### Description of the task
The answer must repeat every record exactly, with all pictures omitted.

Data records
-*-

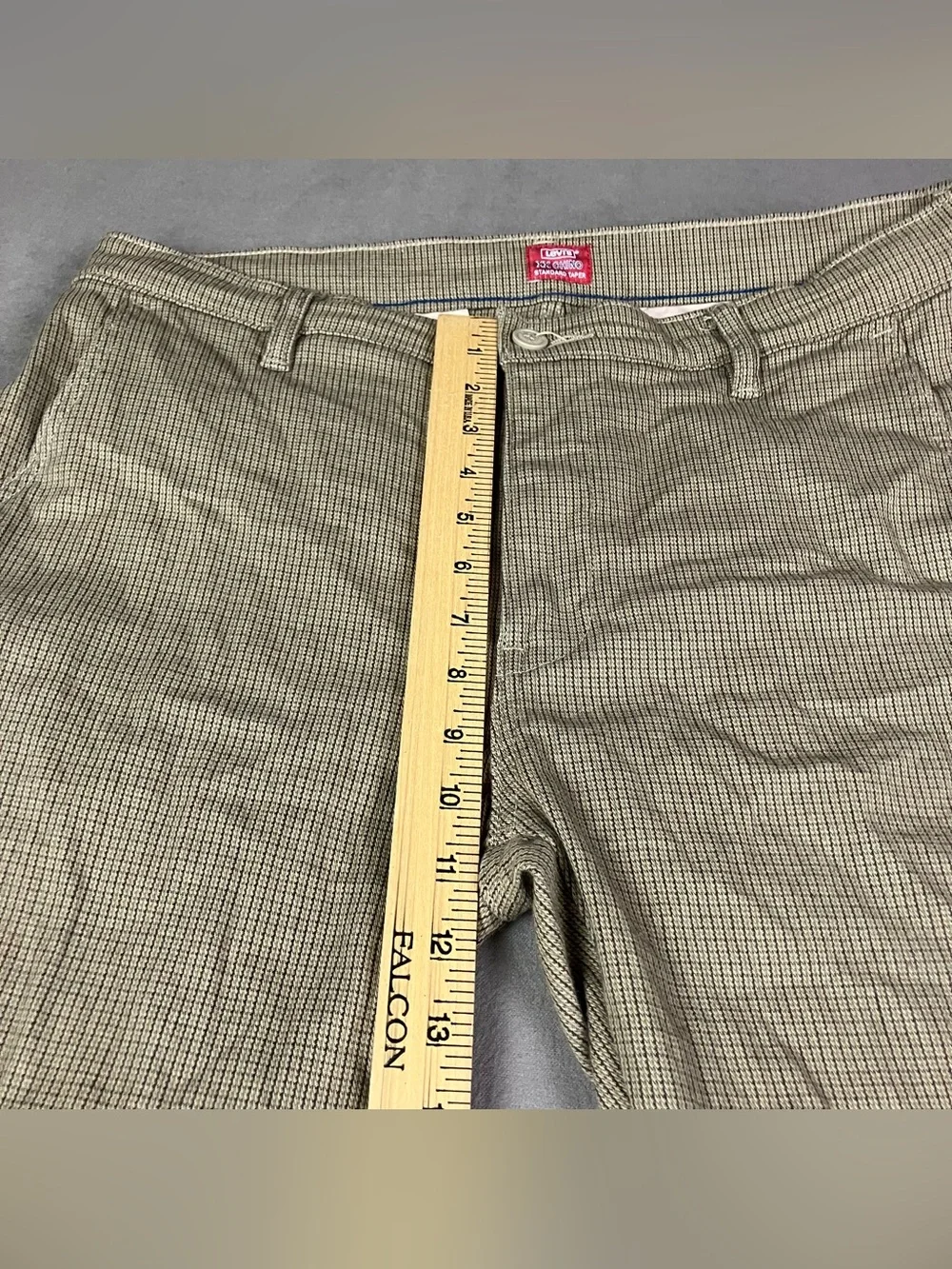 Levis XX Chino Pants Men’s Size 32x34 Standard Taper Houndstooth Brown / Tan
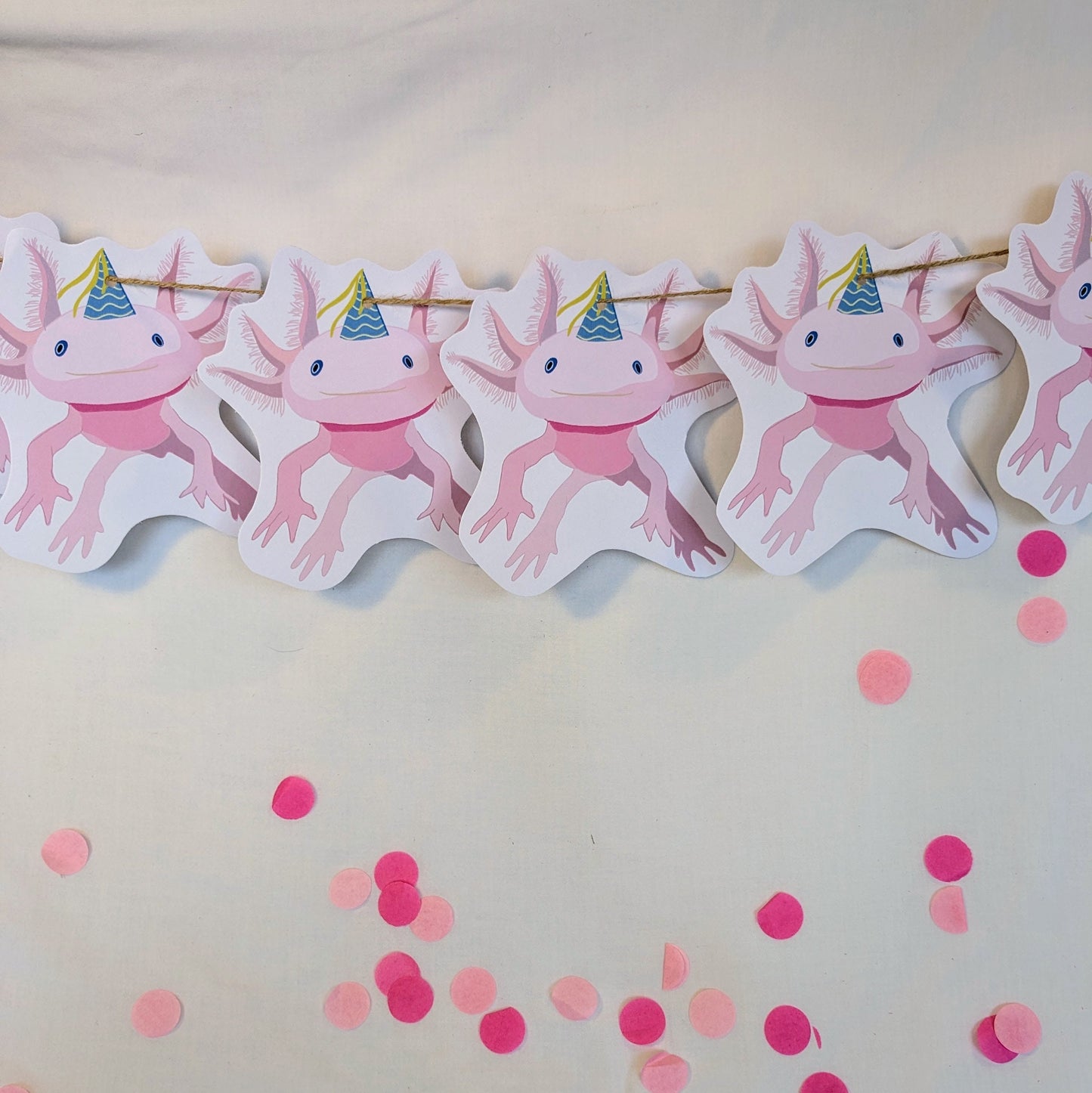 Axolotle Birthday Bunting/ Garland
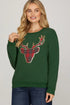 Plaid and Pine Reindeer Sweatshirt she&sky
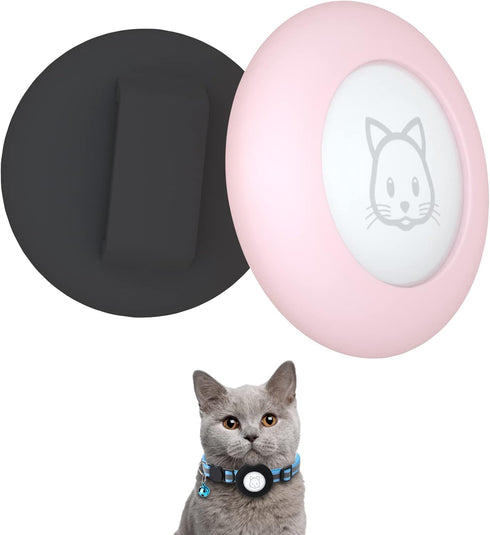 2022 Airtag Cat Collar Holder, Small Air tag Cat Collar Holder Compatible with Apple Airtag GPS Tracker, 2Pack Waterproof Case Cover for Cat Dog P...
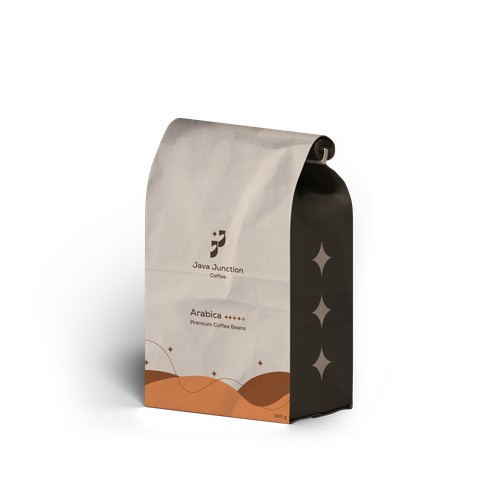 coffee beans bag for Java Junction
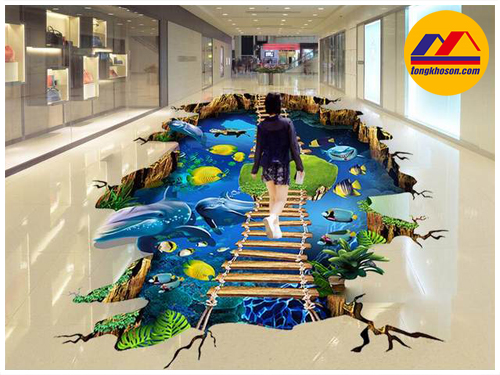 Mẫu sàn Epoxy 3D số 21 Mẫu sàn Epoxy 3D số 21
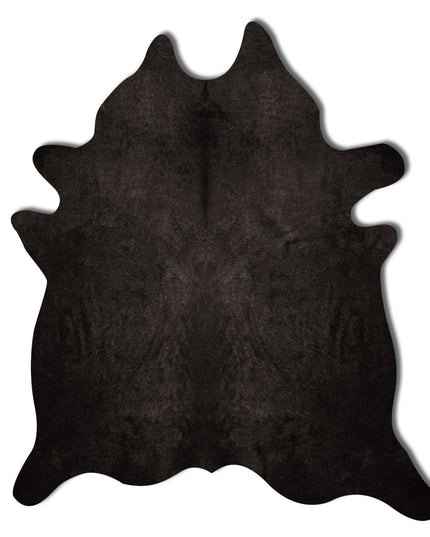 6' X 7' Black Cowhide Area Rug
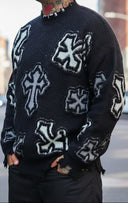 Maglione More Cross Black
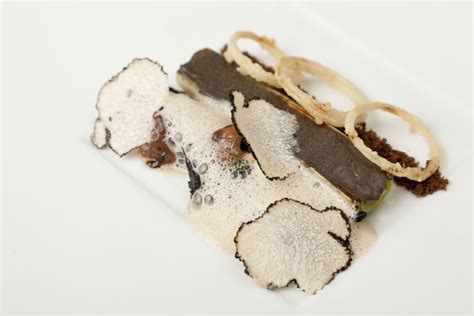 Grilled Leek Recipe With Aubergine Mushroom Great British Chefs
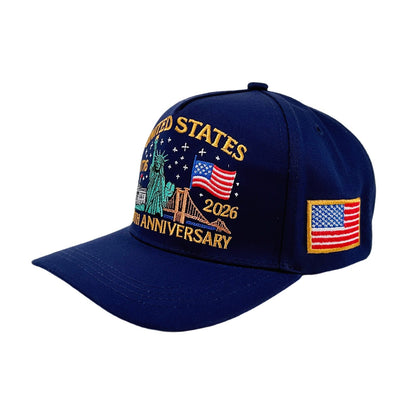250th Anniversary of America Baseball Cap Statue of Liberty American Flag Hat | Size L-XL - Boniskiss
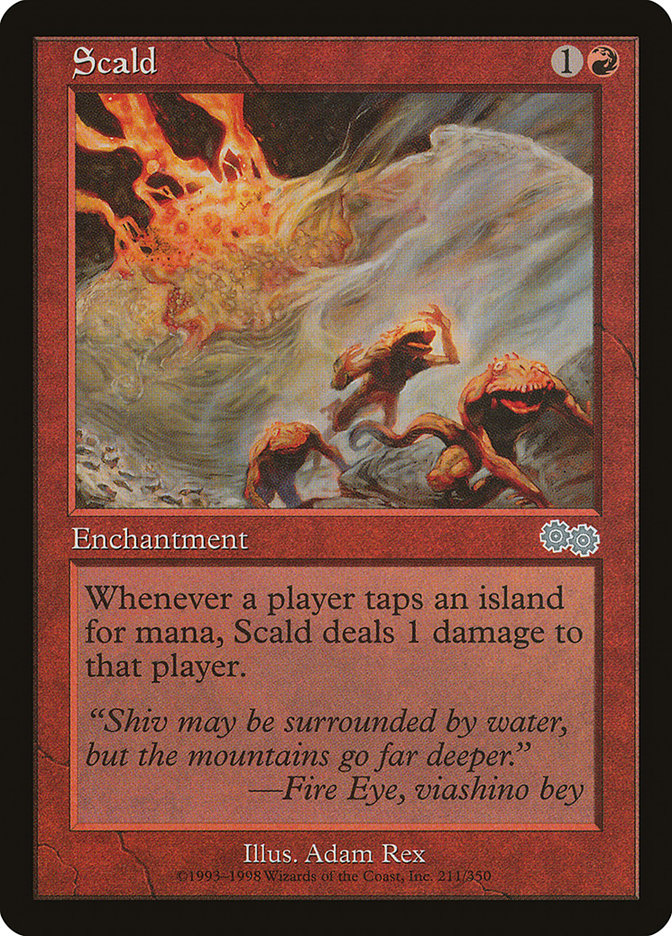 Scald [Urza's Saga] | Rock City Comics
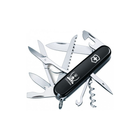 Нож Victorinox Huntsman Ukraine Black "Козак з Шаблями" (1.3713.3_T1110u)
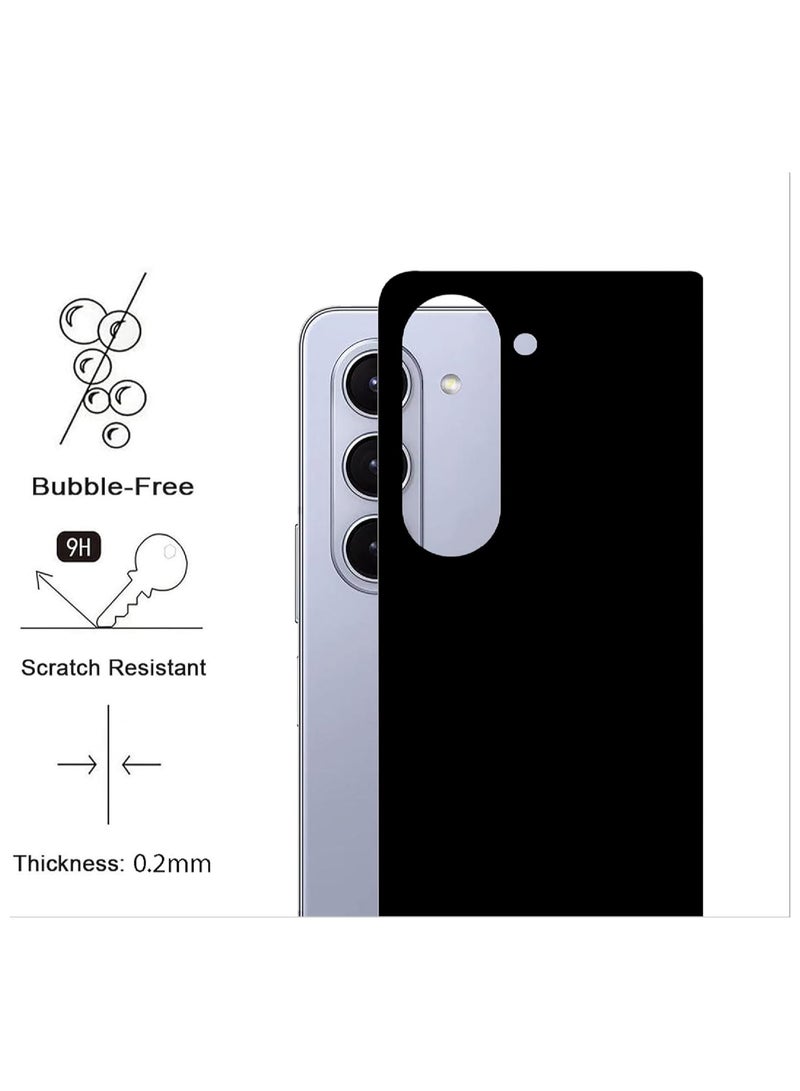 Screen Protector for Samsung Galaxy Z Fold 6 Front and Back Tempered Glass Full Coverage Screen Guard 9H Hardness Anti Fingerprint Scratch Resistance for Samsung Galaxy Z Fold 6 - Image 2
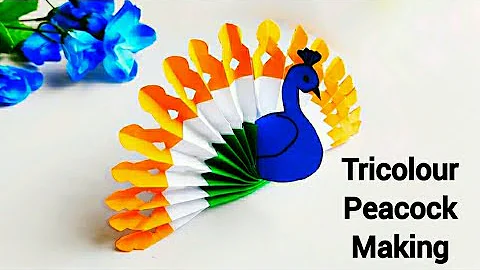 Independence day craft ideas | tricolour peacock | tricolour craft ideas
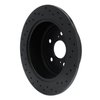 623-76086L Drilled Brake Rotor [Black], 2009-2015 Lexus/Toyota/Scion, Position: Rear Left - image 4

-*-

### Answer section
 Levis XX Chino Pants Men’s Size 32x34 Standard Taper Houndstooth Brown / Tan
 Axolotle Birthday Bunting/ Garland
 Plaid and Pine Reindeer Sweatshirt she&sky
 2022 Airtag Cat Collar Holder, Small Air tag Cat Collar Holder Compatible with Apple Airtag GPS Tracker, 2Pack Waterproof Case Cover for Cat Dog P...
 coffee beans bag for Java Junction
 Mẫu sàn Epoxy 3D số 21 Mẫu sàn Epoxy 3D số 21
 6' X 7' Black Cowhide Area Rug
 Maglione More Cross Black
 Grilled Leek Recipe With Aubergine Mushroom Great British Chefs
250th Anniversary of America Baseball Cap Statue of Liberty American Flag Hat | Size L-XL - Boniskiss
 Scald [Urza's Saga] | Rock City Comics
 Нож Victorinox Huntsman Ukraine Black "Козак з Шаблями" (1.3713.3_T1110u)
 Screen Protector for Samsung Galaxy Z Fold 6 Front and Back Tempered Glass Full Coverage Screen Guard 9H Hardness Anti Fingerprint Scratch Resistance for Samsung Galaxy Z Fold 6 - Image 2
 Independence day craft ideas | tricolour peacock | tricolour craft ideas
 623-76086L Drilled Brake Rotor [Black], 2009-2015 Lexus/Toyota/Scion, Position: Rear Left - image 4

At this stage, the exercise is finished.